Hoarding is a problem that the best of us battle from time to time – we attribute so much value to stuff. But in an everchanging and increasingly digital world, there’s no need to accumulate so many things. Getting rid of that stuff once we own it, though, is difficult. Once it’s been bought there are two separate attachments to contend with: one, the emotional attachment and two, the money you know you spent on it.
I’ve perfected a three stage method for clearing out things
Stage 1 – Get Rid of the Rubbish
This is the easy stage, and should filter out a decent amount of stuff. Get rid of all the stuff that’s just rubbish – the DVDs you bought because you thought they’d be good, but you realised after watching that they were terrible, the CD you were given by a relative, who had no idea what your music taste was, the stuff that you can’t really understand why you’ve kept. There should be no emotional attachment to this stuff, no going back and forth – it’s just rubbish, and you don’t need it. Put it in the charity shop bag, or the bin.
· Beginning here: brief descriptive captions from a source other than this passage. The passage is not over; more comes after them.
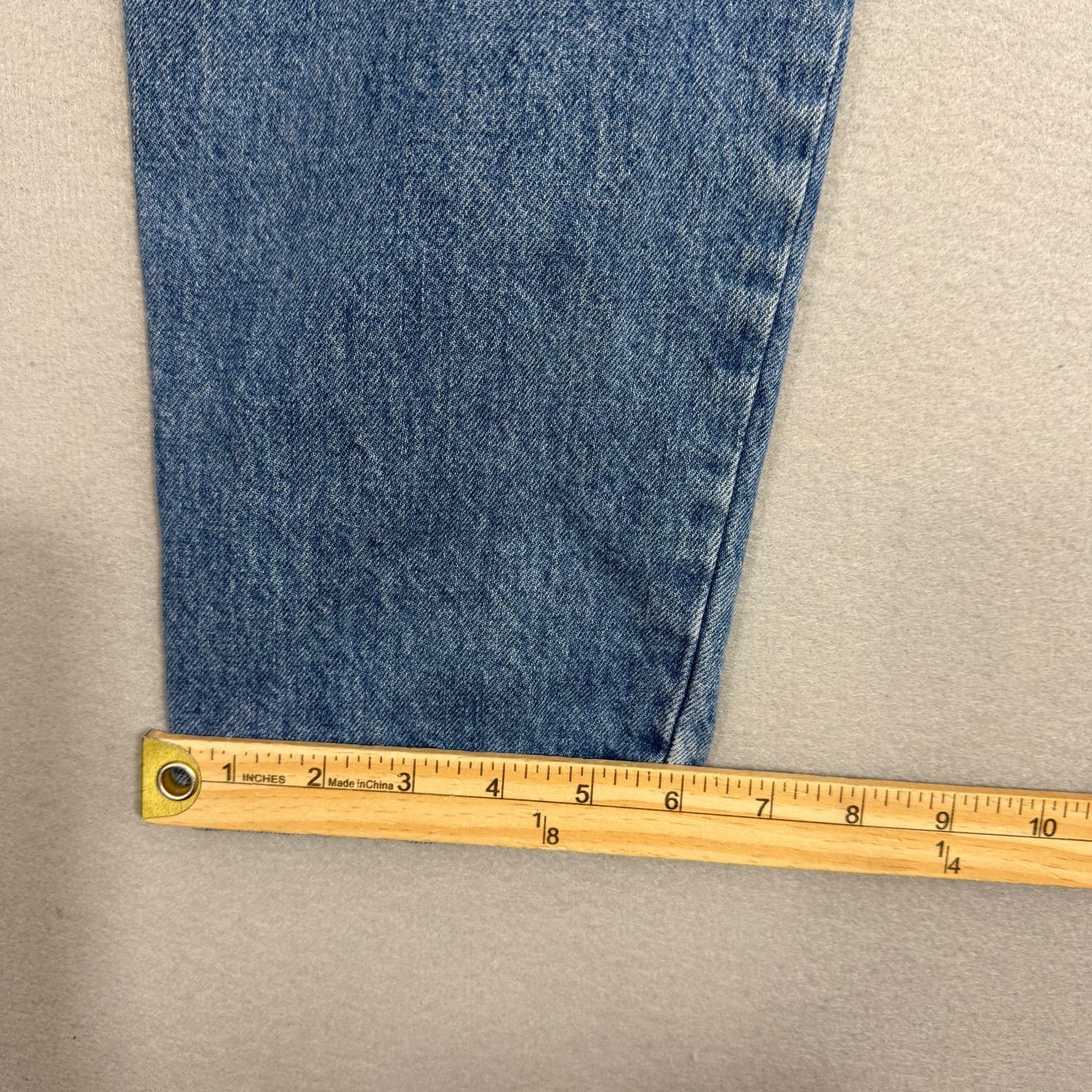Levi's Vintage Levis Jeans Women's Size 8 (Fits 26x29) Blue Mom 90s Size 30" / US 8 / IT 44 - 11 Thumbnail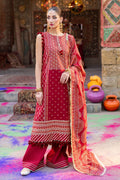 Gul Ahmed | Chunri Lawn 25 | CL-52138 B by Gul Ahmed - Designer Dress - Type: Ladies Clothes - Available at Libayah - 100% Original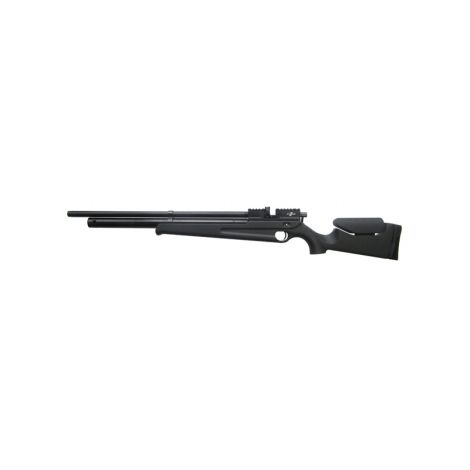 Пневматическая винтовка Ataman M2R Карабин Soft Touch 5,5 мм (Черный)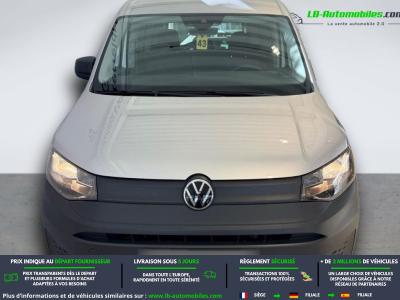Volkswagen Caddy 2.0 TDI 102 BVM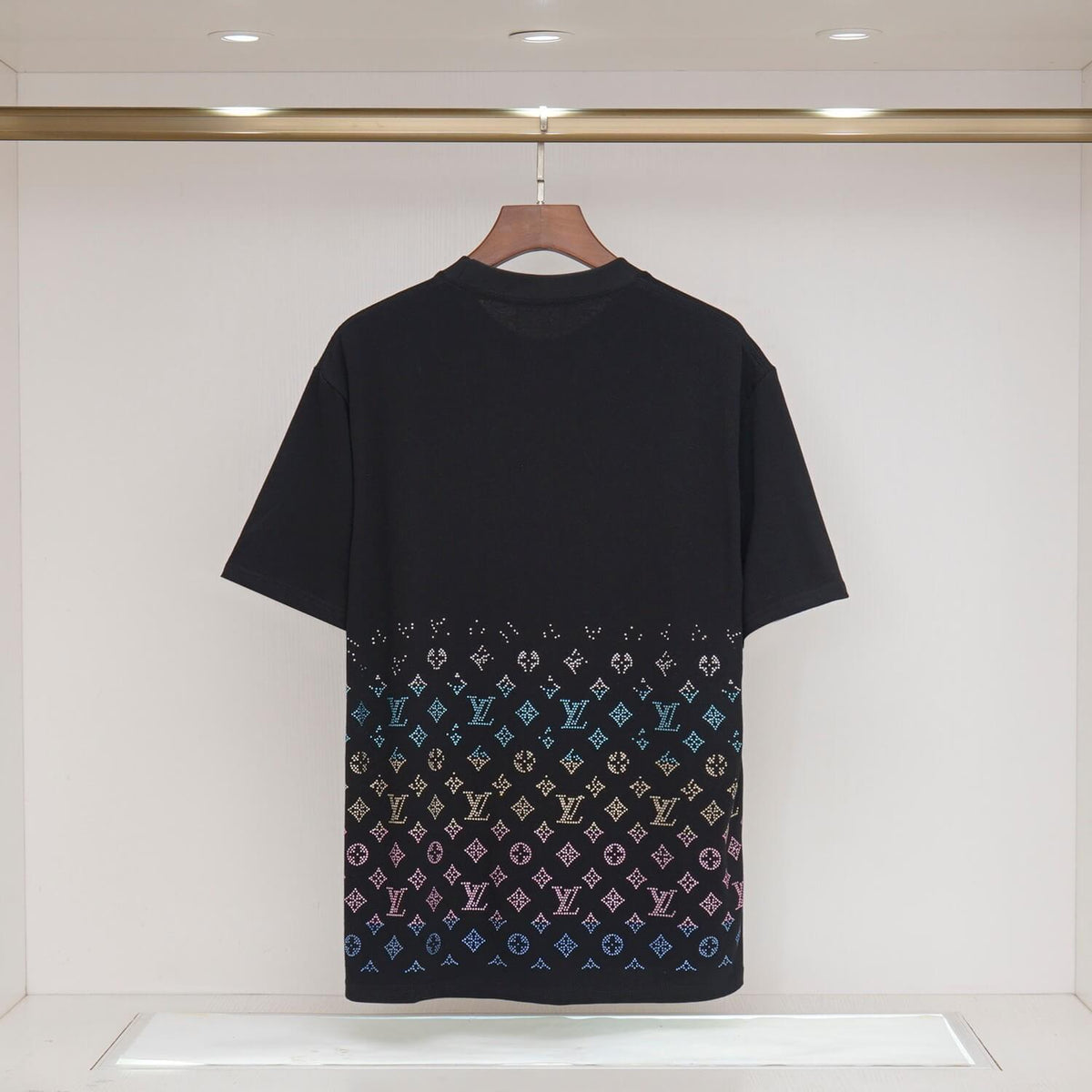 Fashion Rhinestone T-Shirt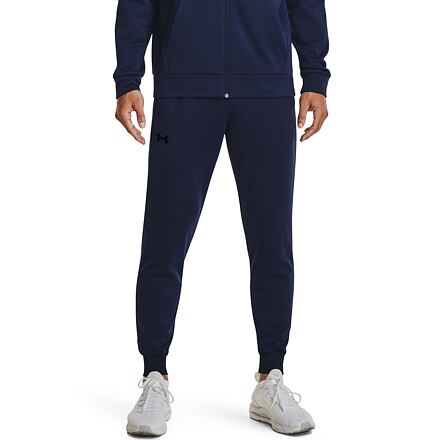 Pánské fleecové tepláky Under Armour Armour Fleece Joggers velikost M.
Stage 2 – Sort Into Two Piles
This is where you start getting into the things you like, or feel some attachment to. It’s harder than the first stage, which is why you break down your things into two piles. The first pile is stuff you definitely need to keep – the things you can’t do without. The next pile is the stuff that you aren’t sure about – it’s not as important to you as the stuff on the first pile, but you still feel the pinch of need to hold on to it when you try to throw it out. For example, I had a huge DVD collection for a while – so big that it didn’t fit on my DVD shelf comfortably any more. There were plenty of DVDs that I didn’t want to just chuck out. They were good films, or films I’d really enjoyed but hadn’t seen for ages. I put these on the ‘not sure’ pile, and then started working my way through them. Once I’d watched them, I made a decision about keeping them or not. Often, watching them one more time was enough.
Stage 3 – Repeat
This is the key thing. You need to repeat the stages regularly. Over time, it’s impressive what becomes less important to you. Suddenly those ‘must keep’ DVDs start to look more like they belong on the ‘maybe’ pile. And if the DVDs have been on the ‘maybe’ pile for two or three rounds of pruning, and I still don’t feel like watching them, then they can just go.
Clearing out the clutter little and often is the most pain free way of doing at it, and I find it’s addictive. Once I’ve started, I want to do every single room. The more you do, the easier it is to make a judgement about what you need, and what you really value. Before long, you’ll have your house reduced down to minimal simplicity.